EXERCISE OBJECTIVE: Starting at the line with "Chic Pink Fringed Heeled Boots", retype every remaining line of the records exactly. Do not include pictures.

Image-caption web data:
Start of Block

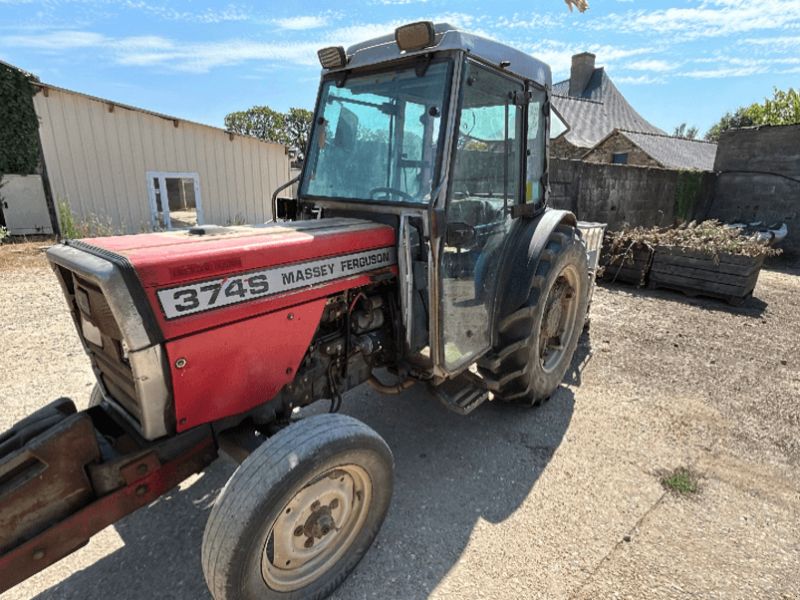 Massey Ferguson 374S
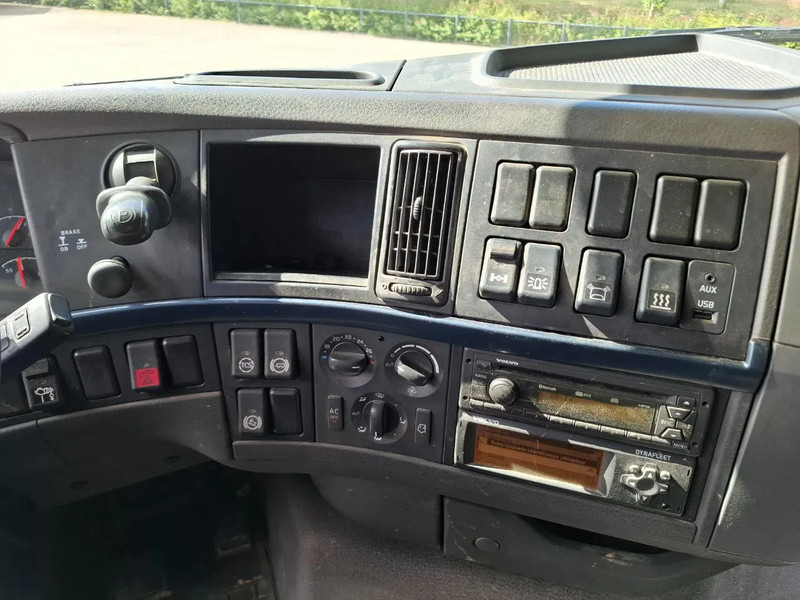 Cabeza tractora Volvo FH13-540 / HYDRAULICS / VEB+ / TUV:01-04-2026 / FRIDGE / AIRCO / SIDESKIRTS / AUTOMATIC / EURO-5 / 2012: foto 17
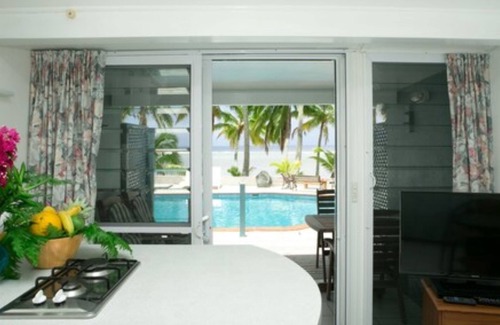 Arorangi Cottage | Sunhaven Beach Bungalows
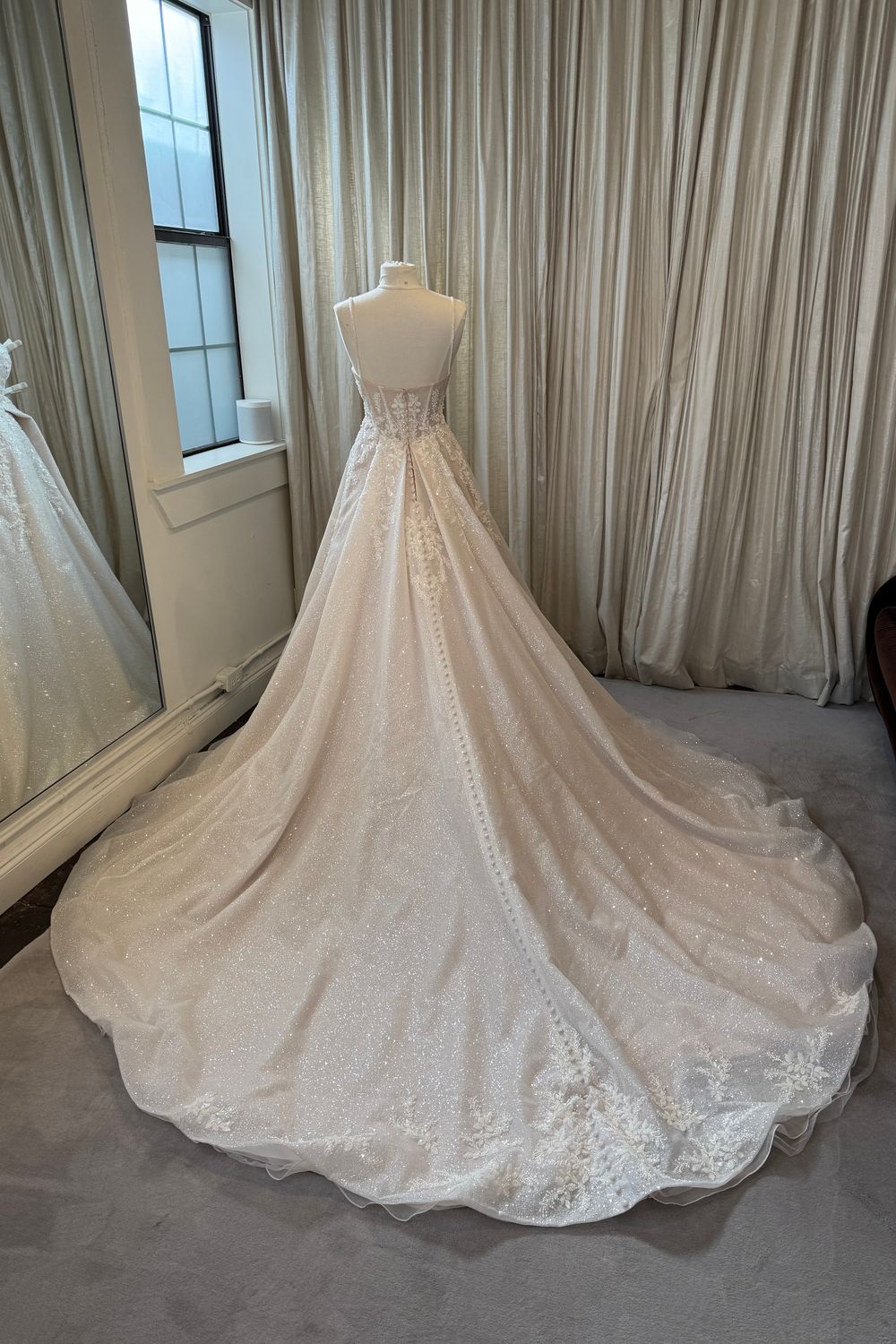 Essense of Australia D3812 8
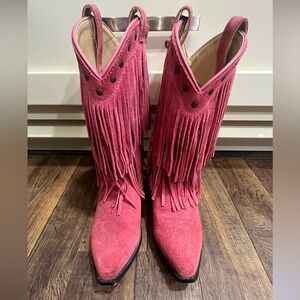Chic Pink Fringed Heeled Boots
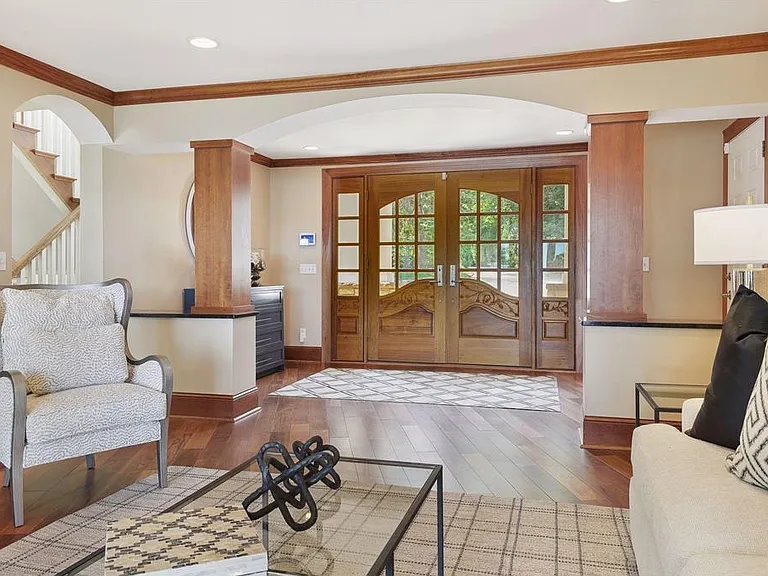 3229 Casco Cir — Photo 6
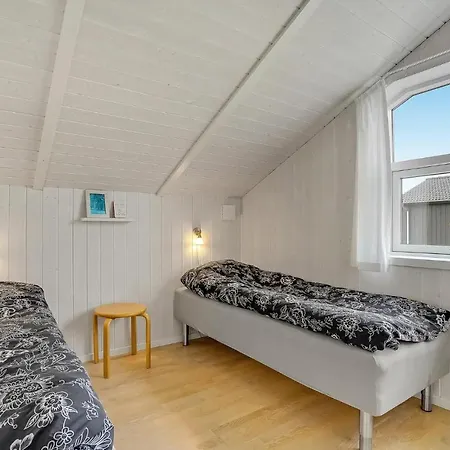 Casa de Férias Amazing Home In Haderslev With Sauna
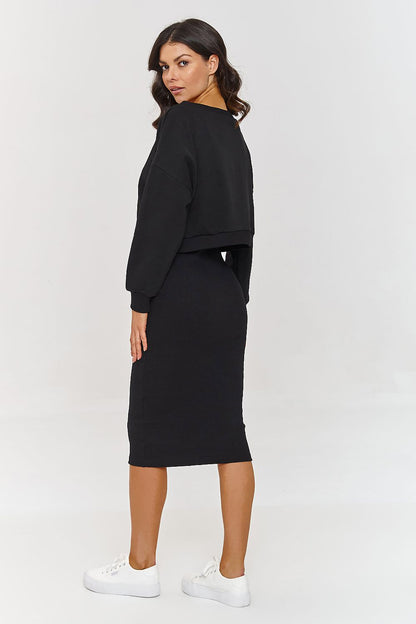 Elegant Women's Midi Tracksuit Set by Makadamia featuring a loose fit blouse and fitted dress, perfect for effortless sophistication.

End of Block

TASK OUTPUT:
Chic Pink Fringed Heeled Boots
 3229 Casco Cir — Photo 6
 Casa de Férias Amazing Home In Haderslev With Sauna
 Elegant Women's Midi Tracksuit Set by Makadamia featuring a loose fit blouse and fitted dress, perfect for effortless sophistication.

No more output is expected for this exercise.